Category Archives: Mail Bag


New reader A. Grande of New York, NY writes, “I’m a contract administrator for a mid-size IT re-seller.  The training classes I’ve been to say that my company should be reporting errors and delivery problems, but we don’t.  My senior vice president says it will all be ok and that I shouldn’t worry.  The pile of things we haven’t done, though, seems to be really adding up?  Can you suggest something?”  Great question, A.  It can be tough to see potential contract violations go unaddressed in a company.  At best, your company is making a bet with their own, or their investors’, money.  At worst, they’re potentially exposing both themselves and the company to significant fines if problems are uncovered.  It can be tough to be heard sometimes as a lower-level employee.  If your SVP won’t listen, try another route. Most contractors should have anonymous hotlines where potential problems are reported.  They’re usually set up so that people in legal or compliance get the information, not people in a specific business line.  This is definitely a best practice.  If your company doesn’t have one, though, try your contract manager or legal counsel’s office.  While there is a tendency to put off potential problems so long as business is coming in the front door, ignoring problems won’t make them go away.  They can and do get worse.  It’s good to be concerned.  Sing out to someone who will hear you.

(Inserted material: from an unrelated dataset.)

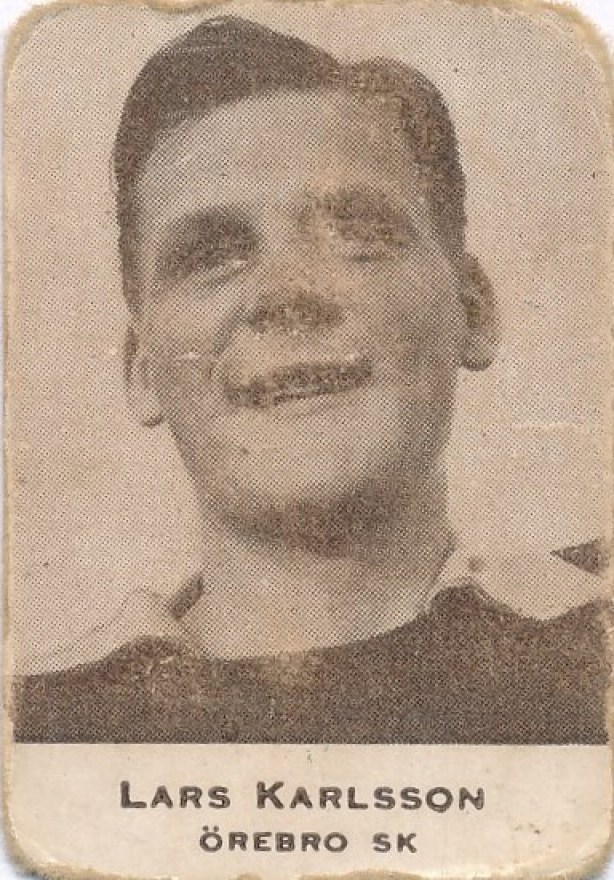 93a91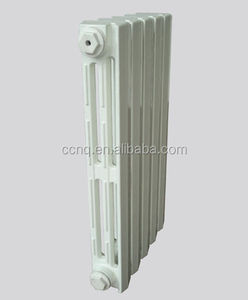 <strong>Italian</strong> style hot water <strong>radiator</strong> cast iron <strong>radiator</strong> with good thermal diffusivity in the european market.modern - Product Image 1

Student reader F. Liebowitz of E. Dickinson College writes, “My company’s GSA contract was recently modified to add new products, yet the document we received back from GSA said that our Basis of Award customer was “all customers”, not what we’d originally negotiated.  GSA knows what our Basis of Award is, right?  Should I got back and fix the mod.?”  Absolutely, F.  You must move immediately to clarify in writing to your CO that your Basis of Award is not “all customers” and cite what the original contract term is.  CO’s inadvertently change contract terms all the time in modifications, whether through inattention to detail, “modification by copier”, or some other error.  It cannot be said strongly enough:  Failure to change this key term back to the original, requires substantially greater compliance from your company and exposes it to substantial risk without a prompt, written, correction.  This is just one example of why it is a best practice to have two sets of eyes review all contracts and mods.  Contractors should not assume that a modification will leave all other terms in place.  Read the mod.  Read the contract.  Make sure that you are 100% sure of your company’s compliance responsibilities.  Otherwise, you could end up with an explosion – with or without a kiln.